Tarih boyunca Müslümanların
hep "kendine mahsus" bir hayatı olması, eşya ve olayları bu özel
telâkki tarzıyla değerlendirmesi, köklü bir "kimlik" bilincinin
göstergesidir. Bu bilinç modern döneme kadar titizlikle muhafaza edilmiştir.
"Herkes kendi değerlerini yaşasın, Müslüman olmayanlar Müslümanlara benzemeye
kalkışmasın!" diye bir kimlik ibrazı vardı. Çünkü İslam, herkesin kendisi
olarak kalmasını isteyen bir dindir.
Zahir ile batın arasında -bir
çeşit- irtibat ve münasebet vardır. Sahabeden Hz. Huzeyfe (ra):
"Ahlâk ahlâka benzemedikçe kılık kılığa benzemez"; Yine İbni
Mes'ud (ra): "Kalp kalbe benzemedikçe kılık kılığa
benzemez" demişlerdir. Bu ifadeler, Ruh-beden bütünlüğüne işaret eden
bir uyarıdır. Bedensel tavır ve davranışların, ruh ve manadan ayrı
düşünülemeyeceğini ihtar etmektedir.
İnsan psikolojisinin
özelliklerinden biri de mağlup olan, arkada kalanın hep öndekini takip ve
taklit etmesidir. Yüzyıllarca medeniyette önde olan Müslümanları, Müslüman
olmayanlar taklit etti. Tarih bunun şahitleriyle doludur. Batı'nın teknoloji ve
sanayide öne geçmesiyle İslâm âleminde bir "geri kalmışlık" hastalığı
başladı, Müslümanlar her yönüyle Batı'yı taklit etme kompleksine kapıldılar.

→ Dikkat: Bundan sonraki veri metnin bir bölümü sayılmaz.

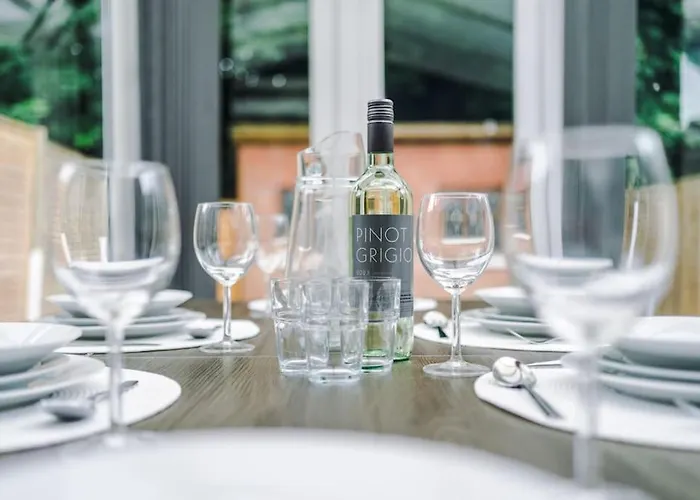 Stylish Home, Games Room, Sleeps 6, Large Driveway, Perfect For Groups マンチェスター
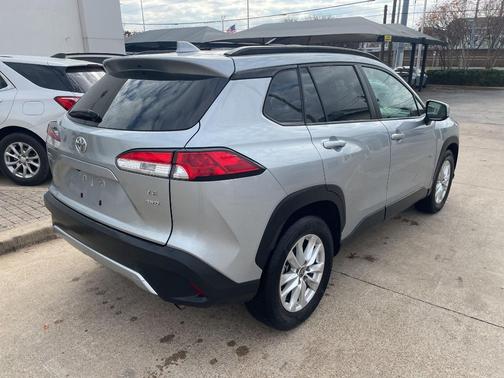 2024 Toyota Corolla Cross LE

Bu iş düzensiz ve kontrolsüz
geliştiği için, onların bilim ve teknolojisini almaları gerektiği yerde,
iffetsiz ve ahlaksız adetlerini ve yaşam tarzlarını aldılar. Oysa bizim onların
geliştirdiği bilim ve teknolojilerine ihtiyacımız vardı. Onlar ise önce kendi
kültür ve medeniyetlerini bize ihraç ettiler.
İslâm dünyasında
"kâfirlere benzemek" meselesi karmakarışık bir hâl almış,
"küreselleşme", "moda" furyaları Müslümanların zihin
dünyasını istilâ etmiş, kafa yapılarını darmadağın hale getirmiştir. Oysa
İslam'ın bize yüklediği "başkasına benzememe" mükellefiyetinin
temelinde bizim fıtrî değerlere bağlılıktan gelen üstünlüğümüzün bulunduğu en
temel bir hakikattir. Hakkı bâtıla bulamak neyse, hak ehlinin bâtıl ehline
benzemesi de odur!
"Kâfirlere benzemenin
dinen hükmü nedir?" meselesi, ilk önce Müslümanların günbegün eriyip
giden, kimlik, şahsiyet ve değerleri ön plana alınarak ve günümüz
Müslümanlarının "Müslüman şahsiyeti" dünya üzerinde ne kadar temsil
edebildikleri merkez noktaya konularak konuşulmalı, tartışılmalıdır. Moda,
küreselleşme ve modernizmin etkisi altında cılız kalan, İslami değerlere bağlı
Müslüman şahsiyet zaten çok kan kaybetmiştir.
Kâfirlere bezeme konusunun
bazısı küfre götüren, bazısı haram olan ve bazısı da mekruh sayılanlar olmak
üzere üç farklı kategoride ele almak mümkündür. Birincisi fıkhî olduğu kadar
itikadi bir konudur. Nitekim kâfirlerin bayramlarıyla ilgili teşebbüh
örneklerinin bazı akide kitaplarında yer alması bunu açıkça ifade etmektedir.
Diğerleri ise yalnız fıkhî konulardır.
Kâfirlere özenip onlara
benzeme kastıyla olan teşebbühü ilk zeminde; böyle bir kasıt ve özentinin söz
konusu olmadığı meseleleri ise diğer zeminlerde ele almak daha doğru olacaktır.
Son tahlilde kâfirlere benzeyen, onların modasına uyan bir Müslüman her ne
kadar dinden çıkmasa da kendi kimliğini, şahsiyetini yitirmiş olacaktır.